WORK REQUIRED:
When you reach the line holding "50.9 vs 47.3" in the material below, return that line and each one after it, word for word, with the pictures dropped.

☆ ☆ ☆ ☆ ☆ ☆ ☆

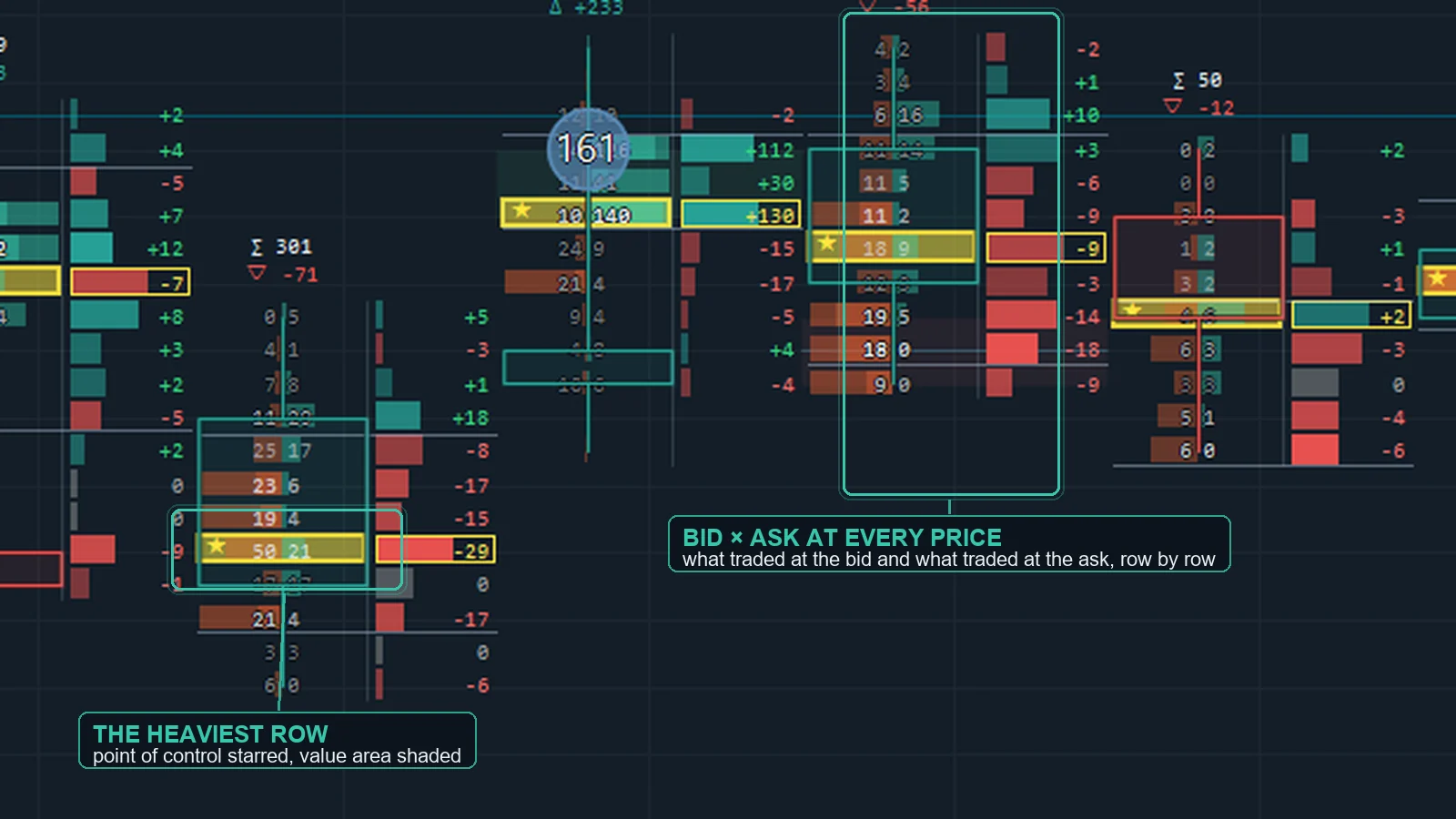 OrderVane Pro footprint cells with bid and ask at every price, POC row and stacked imbalance zone.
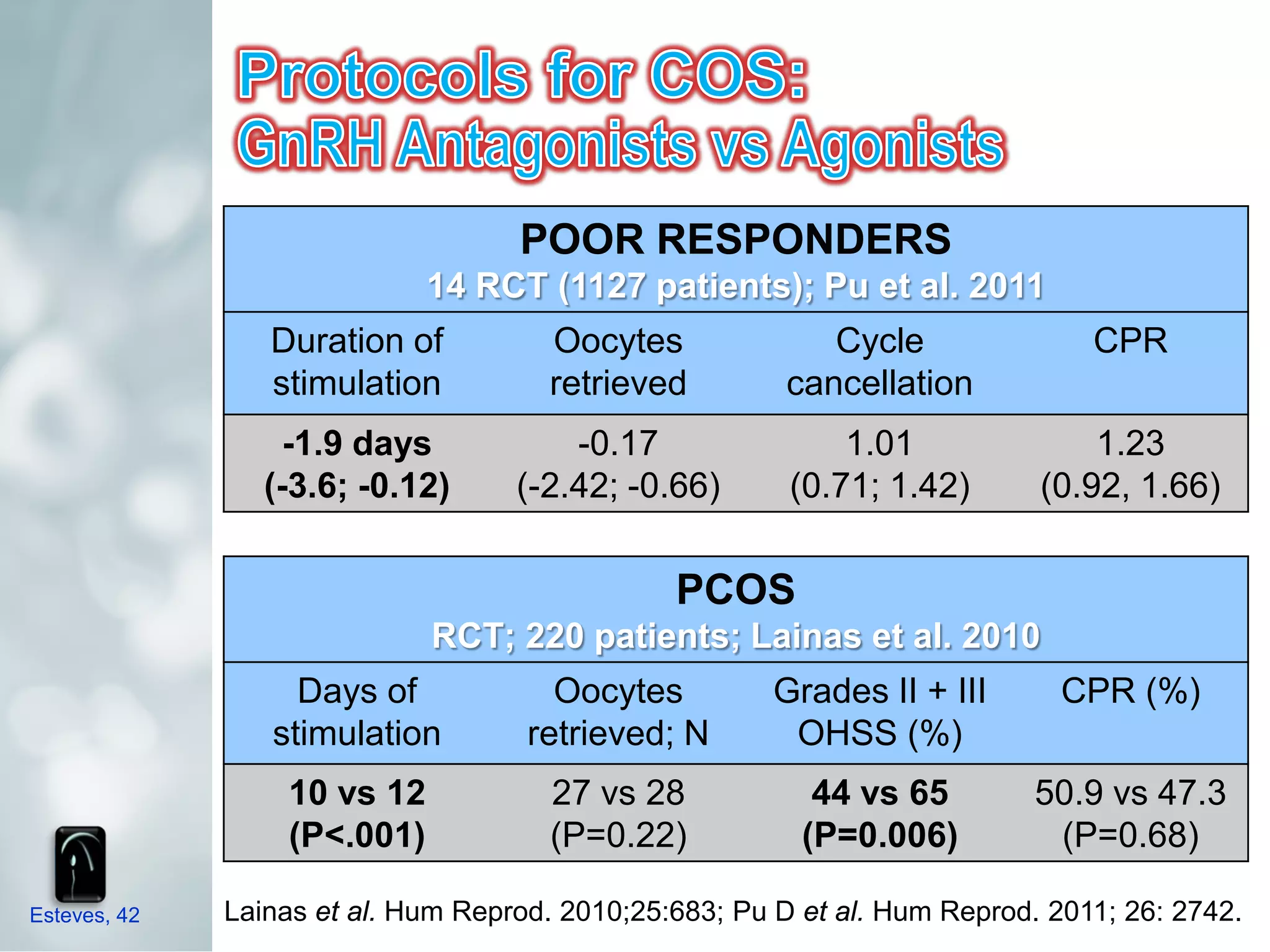 POOR RESPONDERS
                             14 RCT (1127 patients); Pu et al. 2011
                 Duration of          Oocytes               Cycle               CPR
                 stimulation          retrieved          cancellation
                   -1.9 days            -0.17                1.01               1.23
                 (-3.6; -0.12)      (-2.42; -0.66)       (0.71; 1.42)       (0.92, 1.66)


                                                PCOS
                             RCT; 220 patients; Lainas et al. 2010
                   Days of             Oocytes          Grades II + III       CPR (%)
                 stimulation         retrieved; N        OHSS (%)
                  10 vs 12            27 vs 28             44 vs 65         50.9 vs 47.3
                  (P<.001)            (P=0.22)            (P=0.006)          (P=0.68)

Esteves, 42   Lainas et al. Hum Reprod. 2010;25:683; Pu D et al. Hum Reprod. 2011; 26: 2742.
 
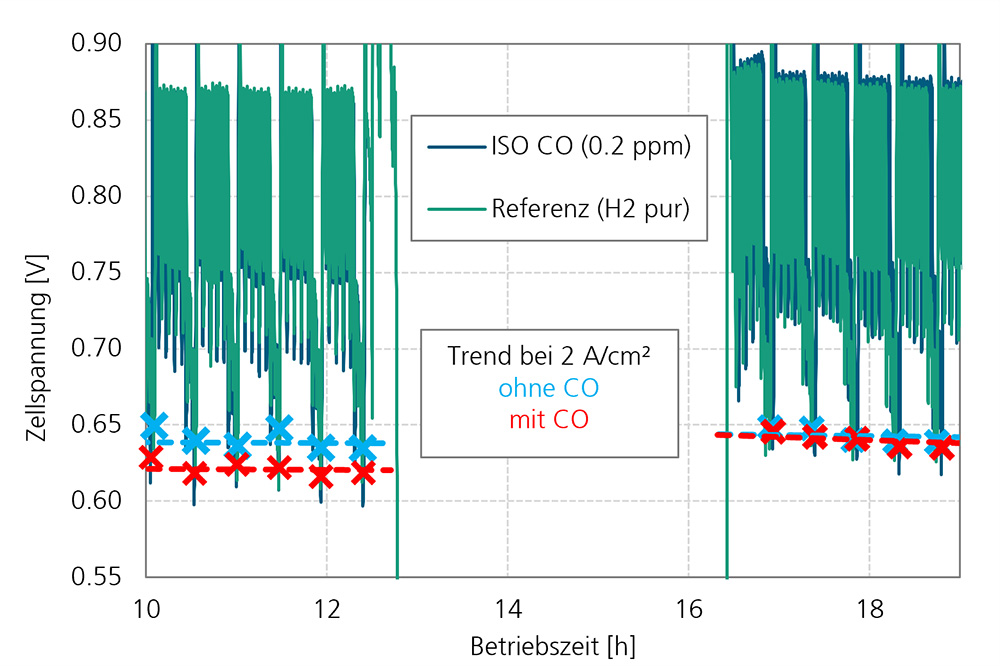 Voltage diagram of fuel cells during the Fuel Cell Dynamic Load Cycle (FC-DLC)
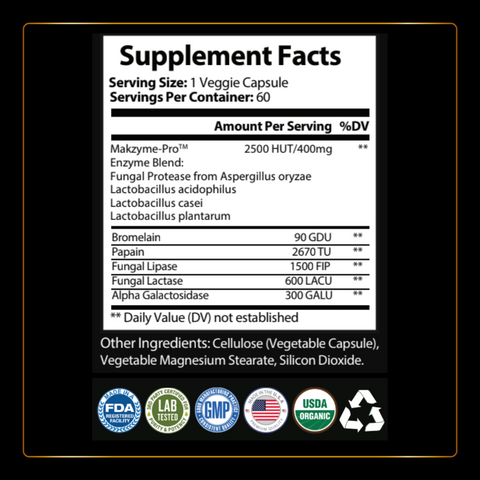 Digestive Enzymes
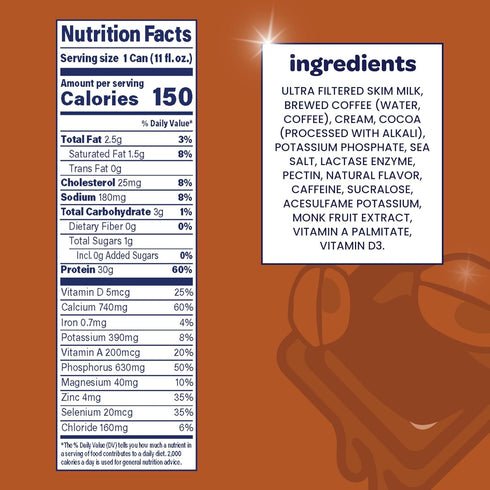 30g 80mg 150 10 11 oz, 10 Nurri - Protein Ultra Filtered Milk Shake Mocha- Caffeine, Lactose Free, Low Sugar, Calories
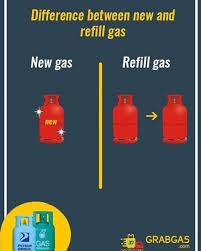 Check spelling or type a new query. Jual Beli Tong Gas Memasak Like Share Comment Viral Kambing Golek 12kg Gas 14kg Gas Tong Gas Lpg Baru Wasap My 601131276270 Lori Sewa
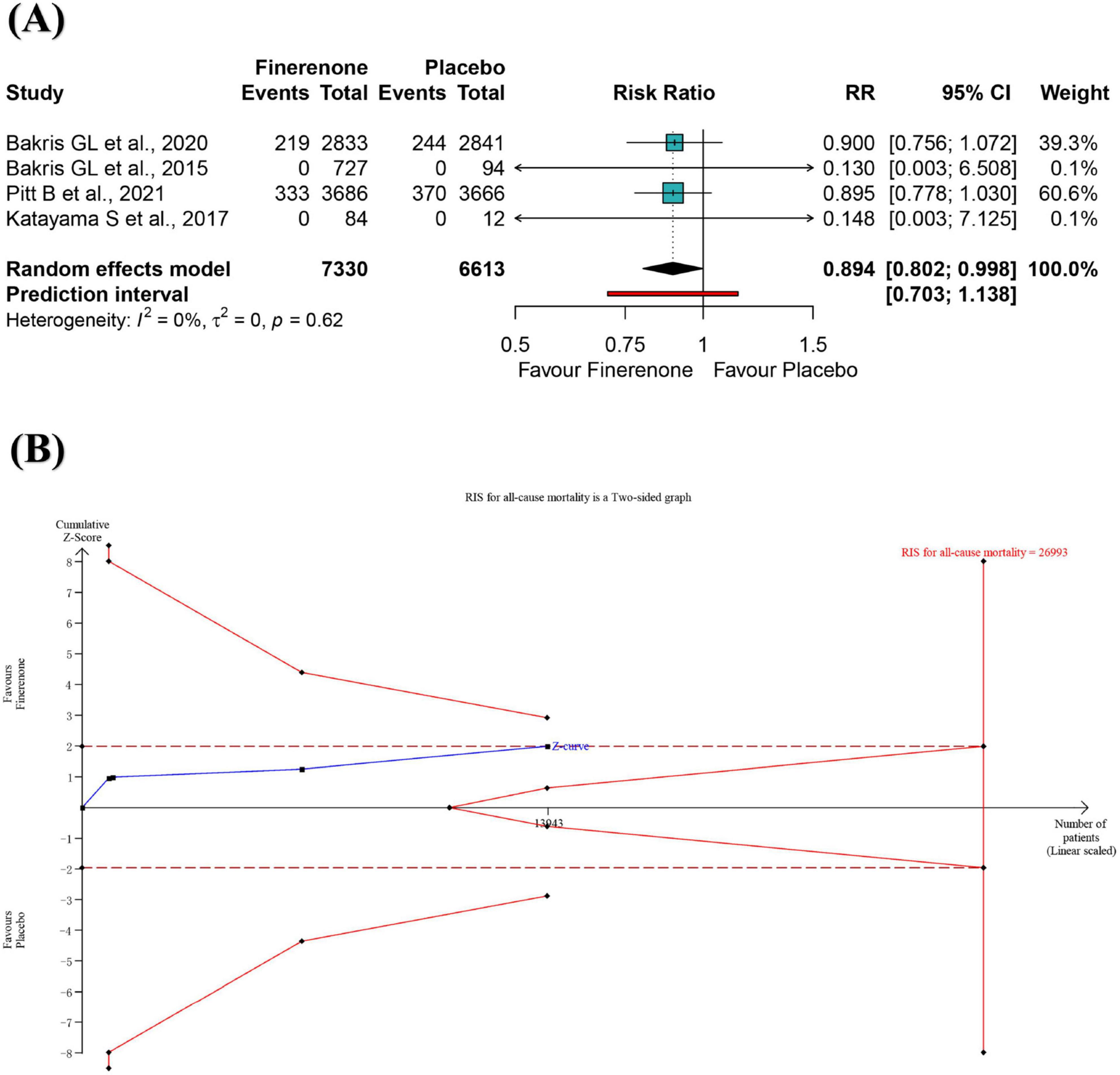 (A) A forest plot comparing the risk ratio of finerenone to a placebo across four studies. The plot shows the risk ratios, 95% confidence intervals, and weights for each study. The overall random effects model shows a risk ratio of 0.894, favoring finerenone. (B) A two-sided cumulative Z-score graph for all-cause mortality. The graph shows Z-scores on the vertical axis against the number of patients on the horizontal axis. Key points mark changes in Z-scores, with an indicated required information size (RIS) for all-cause mortality of approximately 26,993 patients.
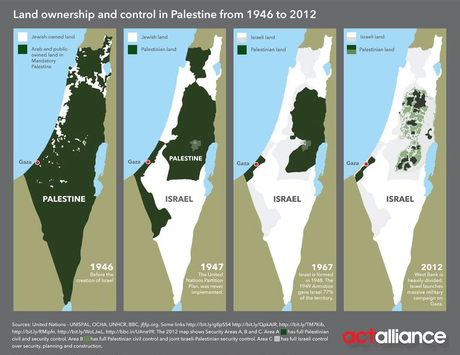 Israel, la ONU y Palestina [solo imágenes]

☆ ☆ ☆ ☆ ☆ ☆ ☆

TASK OUTPUT:
                  10 vs 12            27 vs 28             44 vs 65         50.9 vs 47.3
                  (P<.001)            (P=0.22)            (P=0.006)          (P=0.68)

Esteves, 42   Lainas et al. Hum Reprod. 2010;25:683; Pu D et al. Hum Reprod. 2011; 26: 2742.
 
 Voltage diagram of fuel cells during the Fuel Cell Dynamic Load Cycle (FC-DLC)
 Digestive Enzymes
 30g 80mg 150 10 11 oz, 10 Nurri - Protein Ultra Filtered Milk Shake Mocha- Caffeine, Lactose Free, Low Sugar, Calories
 Check spelling or type a new query. Jual Beli Tong Gas Memasak Like Share Comment Viral Kambing Golek 12kg Gas 14kg Gas Tong Gas Lpg Baru Wasap My 601131276270 Lori Sewa
 (A) A forest plot comparing the risk ratio of finerenone to a placebo across four studies. The plot shows the risk ratios, 95% confidence intervals, and weights for each study. The overall random effects model shows a risk ratio of 0.894, favoring finerenone. (B) A two-sided cumulative Z-score graph for all-cause mortality. The graph shows Z-scores on the vertical axis against the number of patients on the horizontal axis. Key points mark changes in Z-scores, with an indicated required information size (RIS) for all-cause mortality of approximately 26,993 patients.
 Israel, la ONU y Palestina [solo imágenes]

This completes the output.